Items from a data source
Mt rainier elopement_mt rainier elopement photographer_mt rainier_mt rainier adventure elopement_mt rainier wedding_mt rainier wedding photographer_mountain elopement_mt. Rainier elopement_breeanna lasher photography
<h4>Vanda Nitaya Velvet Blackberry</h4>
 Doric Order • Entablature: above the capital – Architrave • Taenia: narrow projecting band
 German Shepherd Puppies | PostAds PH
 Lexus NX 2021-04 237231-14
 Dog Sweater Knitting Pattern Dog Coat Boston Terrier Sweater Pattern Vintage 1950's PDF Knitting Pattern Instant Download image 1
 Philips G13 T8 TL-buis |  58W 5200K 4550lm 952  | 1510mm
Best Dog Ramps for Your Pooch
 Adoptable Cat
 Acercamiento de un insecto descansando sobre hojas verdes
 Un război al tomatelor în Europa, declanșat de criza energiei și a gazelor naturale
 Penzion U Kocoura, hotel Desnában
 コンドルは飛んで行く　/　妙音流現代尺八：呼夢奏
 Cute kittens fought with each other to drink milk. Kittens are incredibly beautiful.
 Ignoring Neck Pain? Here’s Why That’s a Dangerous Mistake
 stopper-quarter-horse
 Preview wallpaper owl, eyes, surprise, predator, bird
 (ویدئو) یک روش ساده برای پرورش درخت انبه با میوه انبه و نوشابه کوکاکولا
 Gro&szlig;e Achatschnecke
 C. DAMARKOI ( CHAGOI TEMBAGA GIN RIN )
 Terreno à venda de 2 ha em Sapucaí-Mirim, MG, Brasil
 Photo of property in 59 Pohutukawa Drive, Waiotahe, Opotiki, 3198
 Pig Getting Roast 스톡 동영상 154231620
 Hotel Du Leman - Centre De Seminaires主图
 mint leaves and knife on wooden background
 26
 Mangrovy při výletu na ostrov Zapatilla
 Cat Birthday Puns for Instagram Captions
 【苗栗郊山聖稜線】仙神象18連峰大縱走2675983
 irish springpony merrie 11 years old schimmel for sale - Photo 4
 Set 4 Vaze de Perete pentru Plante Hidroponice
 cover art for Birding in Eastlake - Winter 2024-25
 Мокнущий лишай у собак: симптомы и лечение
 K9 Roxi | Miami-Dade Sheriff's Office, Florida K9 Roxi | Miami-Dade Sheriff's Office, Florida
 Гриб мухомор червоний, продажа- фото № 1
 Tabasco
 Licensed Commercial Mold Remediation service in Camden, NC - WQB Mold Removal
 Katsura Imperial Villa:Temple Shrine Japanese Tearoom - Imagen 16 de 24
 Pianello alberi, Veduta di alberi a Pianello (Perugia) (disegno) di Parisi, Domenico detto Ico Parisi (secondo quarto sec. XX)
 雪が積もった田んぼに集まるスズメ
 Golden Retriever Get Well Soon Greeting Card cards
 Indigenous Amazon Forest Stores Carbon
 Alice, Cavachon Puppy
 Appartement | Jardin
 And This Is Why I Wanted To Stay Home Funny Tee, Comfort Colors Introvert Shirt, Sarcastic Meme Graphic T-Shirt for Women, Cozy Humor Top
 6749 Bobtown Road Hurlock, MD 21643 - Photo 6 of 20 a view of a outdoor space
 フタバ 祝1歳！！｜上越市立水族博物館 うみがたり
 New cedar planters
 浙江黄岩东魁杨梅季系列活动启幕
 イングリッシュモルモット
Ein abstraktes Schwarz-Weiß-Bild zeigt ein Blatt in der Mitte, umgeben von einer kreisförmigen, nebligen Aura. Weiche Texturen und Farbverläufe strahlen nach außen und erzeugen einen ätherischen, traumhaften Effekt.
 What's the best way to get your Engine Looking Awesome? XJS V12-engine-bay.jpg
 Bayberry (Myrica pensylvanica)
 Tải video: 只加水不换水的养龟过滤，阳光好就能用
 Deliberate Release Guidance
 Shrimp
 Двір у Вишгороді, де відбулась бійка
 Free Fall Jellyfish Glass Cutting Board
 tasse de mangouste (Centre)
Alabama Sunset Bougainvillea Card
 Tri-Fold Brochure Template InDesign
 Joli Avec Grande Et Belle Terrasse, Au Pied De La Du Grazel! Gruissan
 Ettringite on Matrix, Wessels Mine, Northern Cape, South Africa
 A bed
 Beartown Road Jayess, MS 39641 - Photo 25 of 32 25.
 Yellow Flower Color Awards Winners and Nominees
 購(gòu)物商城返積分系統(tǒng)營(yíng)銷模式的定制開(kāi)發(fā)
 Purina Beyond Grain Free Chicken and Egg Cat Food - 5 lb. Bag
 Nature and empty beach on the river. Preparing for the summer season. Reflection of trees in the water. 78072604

> [THE TASK]: Each line in the data that holds the string "Centre" must be returned.

> [ANSWER TO THE PROBLEM]:
 Hotel Du Leman - Centre De Seminaires主图
 tasse de mangouste (Centre)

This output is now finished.